### Entries supplied
____

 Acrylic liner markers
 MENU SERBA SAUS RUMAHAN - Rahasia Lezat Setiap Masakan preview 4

____

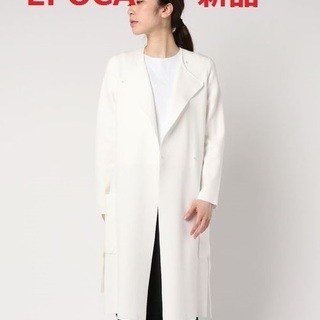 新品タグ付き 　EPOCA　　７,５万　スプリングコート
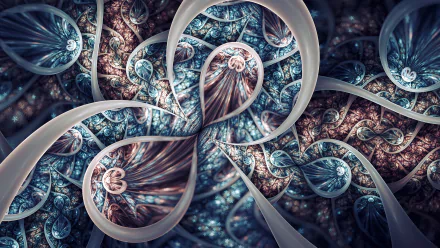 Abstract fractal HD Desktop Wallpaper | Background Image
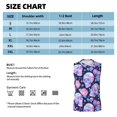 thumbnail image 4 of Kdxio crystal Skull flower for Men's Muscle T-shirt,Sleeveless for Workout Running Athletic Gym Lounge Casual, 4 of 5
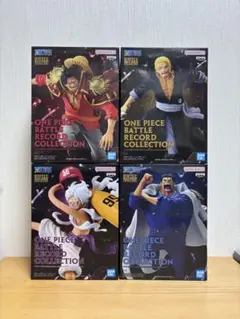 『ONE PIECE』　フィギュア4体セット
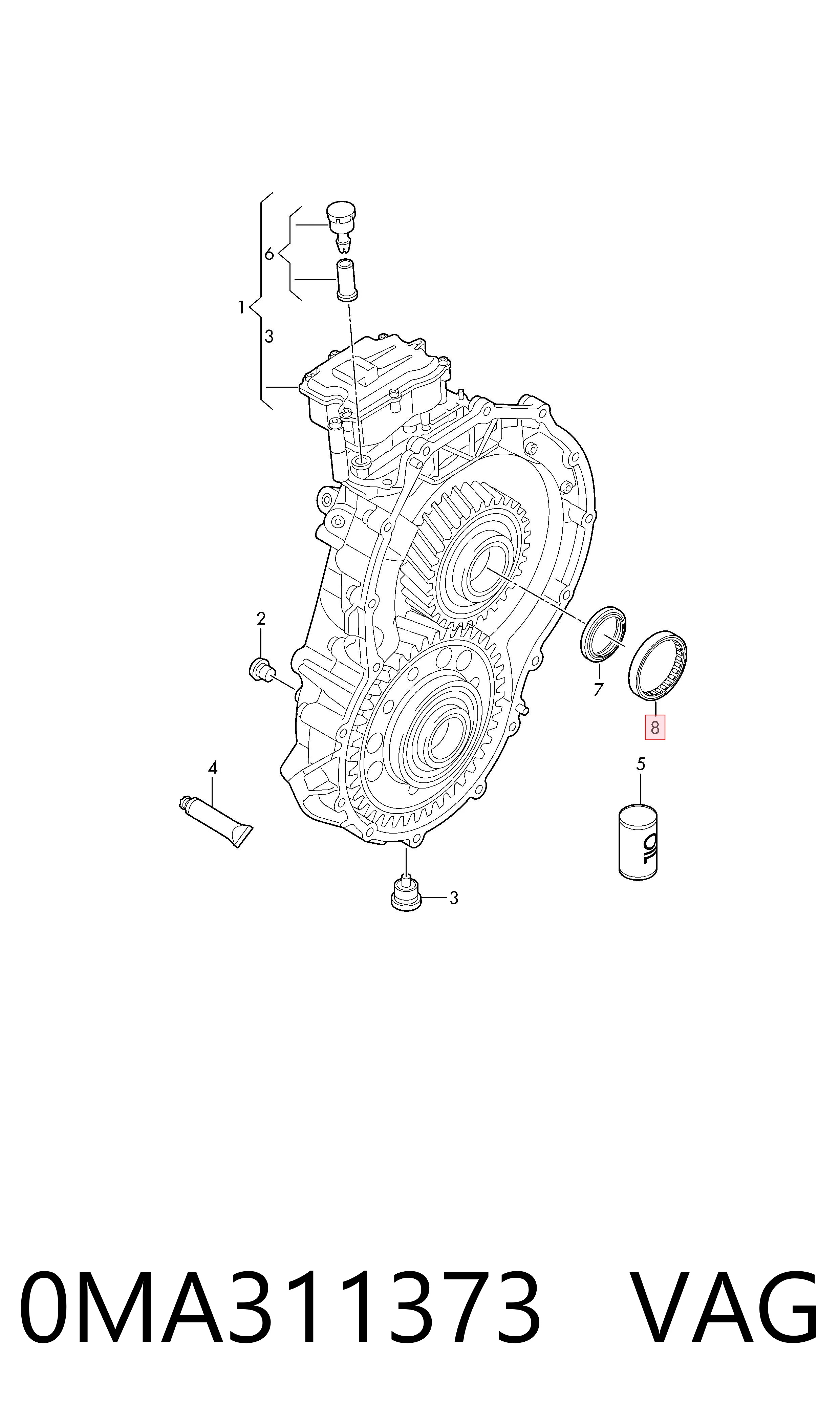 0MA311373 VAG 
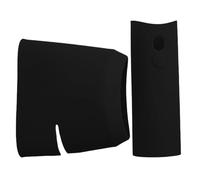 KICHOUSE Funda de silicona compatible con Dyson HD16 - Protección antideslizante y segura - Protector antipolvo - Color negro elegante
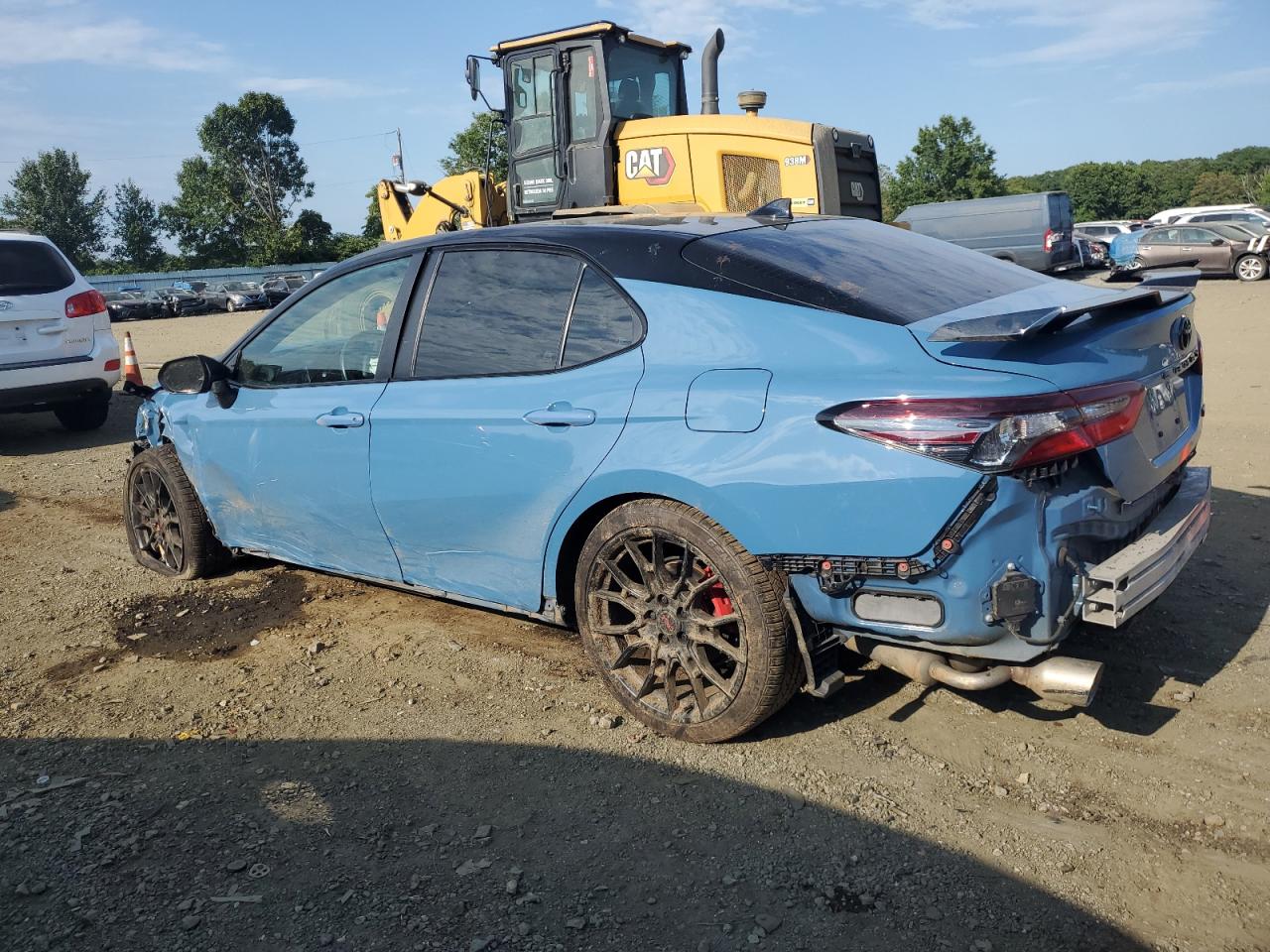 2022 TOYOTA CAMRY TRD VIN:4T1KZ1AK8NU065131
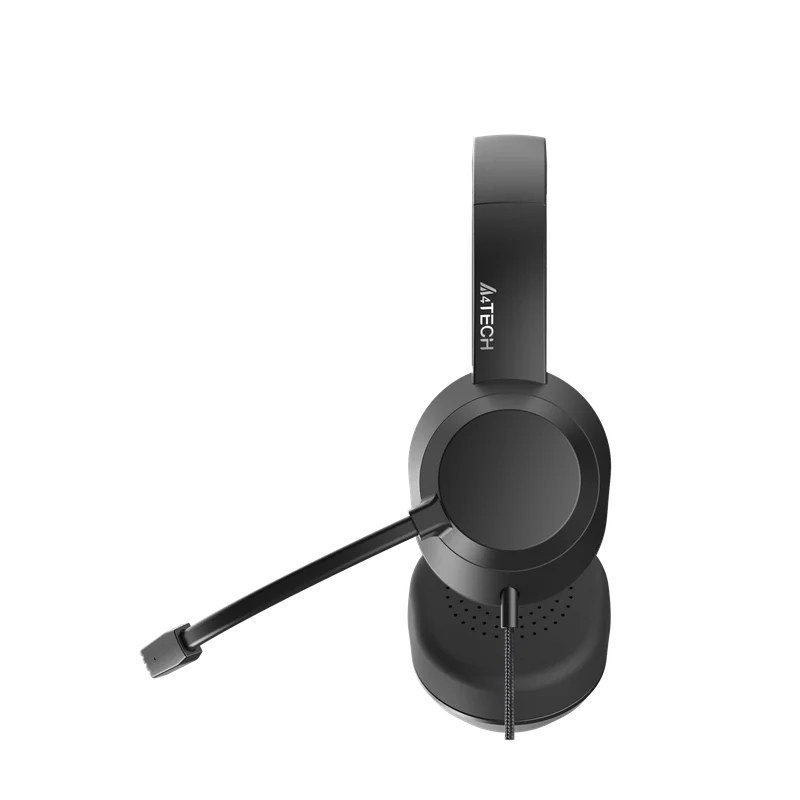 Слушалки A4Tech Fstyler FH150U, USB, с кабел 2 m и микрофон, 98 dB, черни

____

Although pictures appear among the records above, none are to be output; print exactly the lines from the line containing "KICHOUSE Funda de" through the line containing "Слушалки A4Tech Fstyler".

 KICHOUSE Funda de silicona compatible con Dyson HD16 - Protección antideslizante y segura - Protector antipolvo - Color negro elegante
 2022 TOYOTA CAMRY TRD VIN:4T1KZ1AK8NU065131
 Слушалки A4Tech Fstyler FH150U, USB, с кабел 2 m и микрофон, 98 dB, черни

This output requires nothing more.